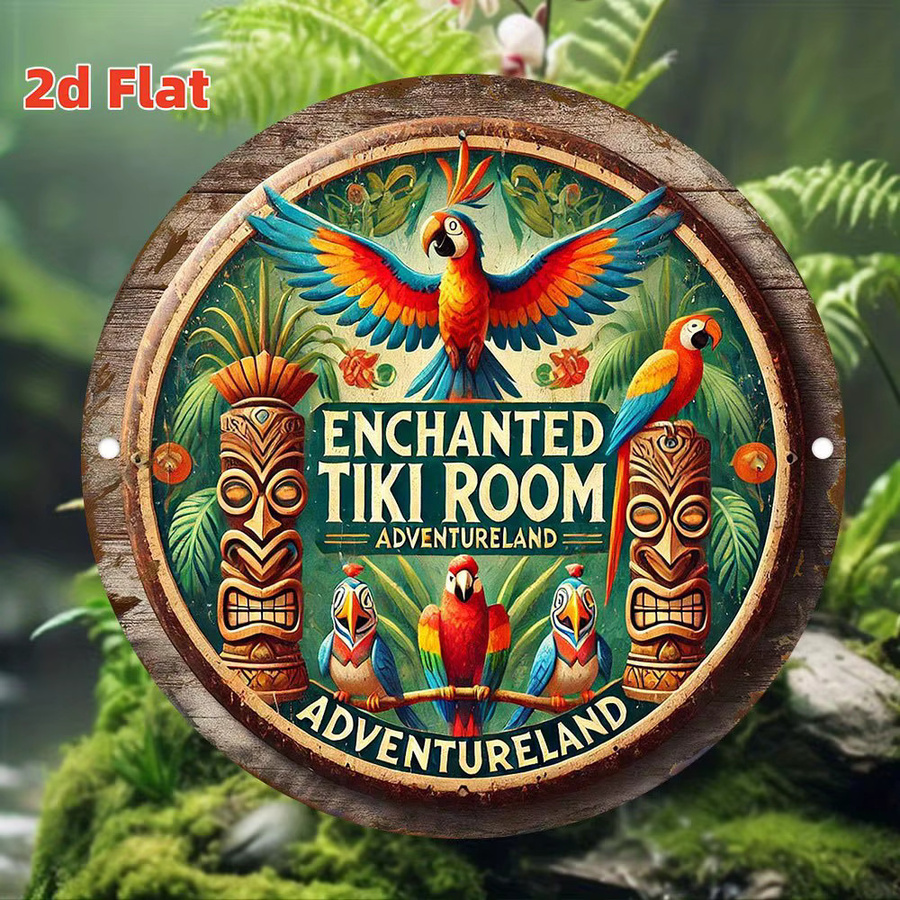 Potdemiel Enchanted Tiki Room Adventureland Metallblechschild mit Papageien- und Tiki-Masken-Design, rund, mehrfarbig, Durchmesser: 20 cm - Bild 2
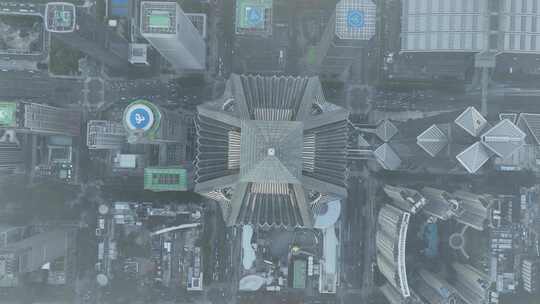 深圳平安金融中心高视角航拍俯视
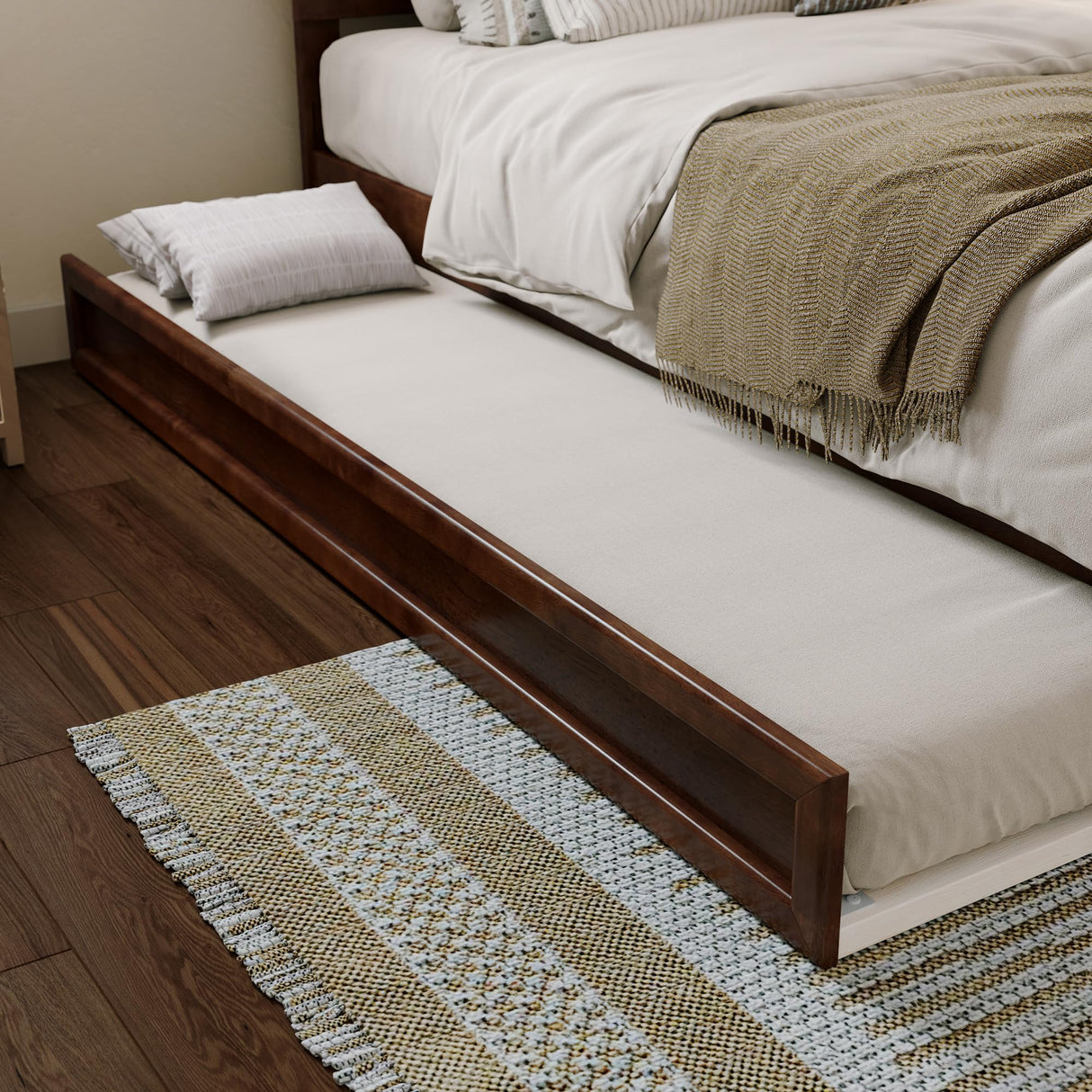 AFI, Mid-Century Modern Trundle Bed, Twin XL, Walnut AFI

Task goal: Word for word, restate all of the material, omitting the images.

Result of this task:
 Potdemiel Enchanted Tiki Room Adventureland Metallblechschild mit Papageien- und Tiki-Masken-Design, rund, mehrfarbig, Durchmesser: 20 cm - Bild 2
 深圳平安金融中心高视角航拍俯视
 AFI, Mid-Century Modern Trundle Bed, Twin XL, Walnut AFI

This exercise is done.